Material to process section start

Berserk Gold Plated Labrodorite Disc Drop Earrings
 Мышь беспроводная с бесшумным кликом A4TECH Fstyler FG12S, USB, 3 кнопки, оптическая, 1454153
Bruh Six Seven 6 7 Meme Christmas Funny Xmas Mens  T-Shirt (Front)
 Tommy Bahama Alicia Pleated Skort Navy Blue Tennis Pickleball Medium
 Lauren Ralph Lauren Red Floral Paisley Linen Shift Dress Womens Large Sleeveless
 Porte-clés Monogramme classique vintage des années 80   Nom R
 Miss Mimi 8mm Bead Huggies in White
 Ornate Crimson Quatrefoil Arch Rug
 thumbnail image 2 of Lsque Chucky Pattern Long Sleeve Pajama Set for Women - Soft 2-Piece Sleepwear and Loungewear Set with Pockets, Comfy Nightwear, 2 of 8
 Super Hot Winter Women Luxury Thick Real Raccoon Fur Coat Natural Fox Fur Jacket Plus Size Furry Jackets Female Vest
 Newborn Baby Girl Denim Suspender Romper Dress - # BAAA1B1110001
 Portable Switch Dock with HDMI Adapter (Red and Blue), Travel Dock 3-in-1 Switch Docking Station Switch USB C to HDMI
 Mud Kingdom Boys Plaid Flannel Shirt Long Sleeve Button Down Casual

Material to process section end

## Exercise requirements:
Repeat the data above. Change nothing.

## Answer box:
Berserk Gold Plated Labrodorite Disc Drop Earrings
 Мышь беспроводная с бесшумным кликом A4TECH Fstyler FG12S, USB, 3 кнопки, оптическая, 1454153
Bruh Six Seven 6 7 Meme Christmas Funny Xmas Mens  T-Shirt (Front)
 Tommy Bahama Alicia Pleated Skort Navy Blue Tennis Pickleball Medium
 Lauren Ralph Lauren Red Floral Paisley Linen Shift Dress Womens Large Sleeveless
 Porte-clés Monogramme classique vintage des années 80   Nom R
 Miss Mimi 8mm Bead Huggies in White
 Ornate Crimson Quatrefoil Arch Rug
 thumbnail image 2 of Lsque Chucky Pattern Long Sleeve Pajama Set for Women - Soft 2-Piece Sleepwear and Loungewear Set with Pockets, Comfy Nightwear, 2 of 8
 Super Hot Winter Women Luxury Thick Real Raccoon Fur Coat Natural Fox Fur Jacket Plus Size Furry Jackets Female Vest
 Newborn Baby Girl Denim Suspender Romper Dress - # BAAA1B1110001
 Portable Switch Dock with HDMI Adapter (Red and Blue), Travel Dock 3-in-1 Switch Docking Station Switch USB C to HDMI
 Mud Kingdom Boys Plaid Flannel Shirt Long Sleeve Button Down Casual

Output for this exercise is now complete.